The change we need to make is straightforward: spawn a thread for each request the mainloop handles. The Thread.new(handler, msg) do |handler, msg| notation ensures that this thread closes over fixed values of handler and msg, rather than sharing them as the mainloop goes onto the next message.
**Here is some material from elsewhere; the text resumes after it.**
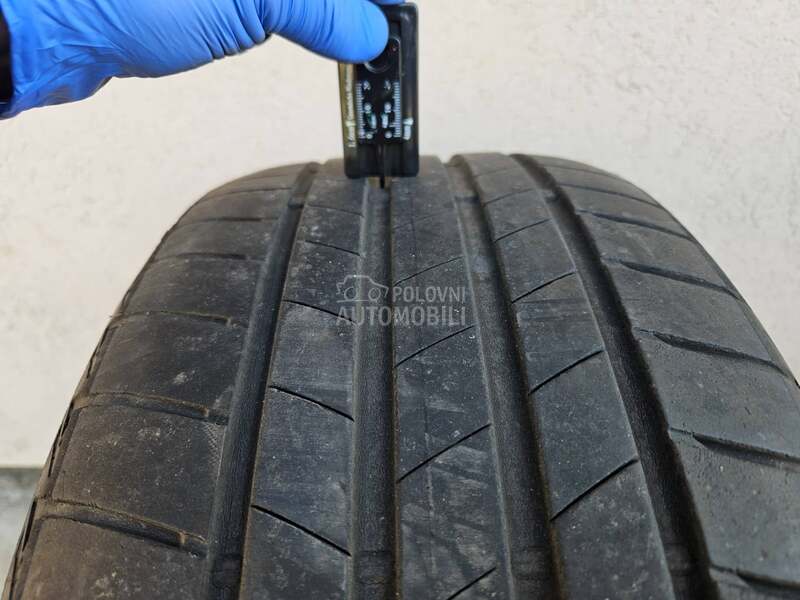 Bridgestone 225/40 R18 Letnja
  # Loops, processing messages from STDIN
  def main!
    ...

      # Actually handle message
      Thread.new(handler, msg) do |handler, msg|
        begin
          handler.call msg
        rescue => e
          log "Exception handling #{msg}:\n#{e.full_message}"
        end
      end
    end
  end

Let's see what happens:

$ ./maelstrom test -w broadcast --bin broadcast.rb --time-limit 20 --topology tree4 --nemesis partition
...
 :net {:stats {:all {:send-count 1277,
                     :recv-count 734,
                     :msg-count 1277,
                     :msgs-per-op 11.104348},
               :clients {:send-count 250,
                         :recv-count 250,
                         :msg-count 250},
               :servers {:send-count 1027,
                         :recv-count 484,
                         :msg-count 1027,
                         :msgs-per-op 8.930435}},
 :workload {...
            :valid? true,
            :lost-count 0,
            :lost (),
            :stable-count 53,
            :stale-count 37,
            :stable-latencies {0 0,
                   0.5 4601,
                   0.95 14575,
                   0.99 15849,
                   1 15849},
            :attempt-count 53,

Success! None of our broadcast messages were lost, thanks to the retry loop. Our latency distribution is much higher, of course: it takes longer for messages to propagate when the network is partitioned. Likewise, we exchange more messages per broadcast: it took ~18 messages to replicate a single broadcast to five nodes, because we had to keep retrying while partitions were active.

This sums up our work with broadcast systems. Next, we'll look at merging updates to different nodes by using CRDTs.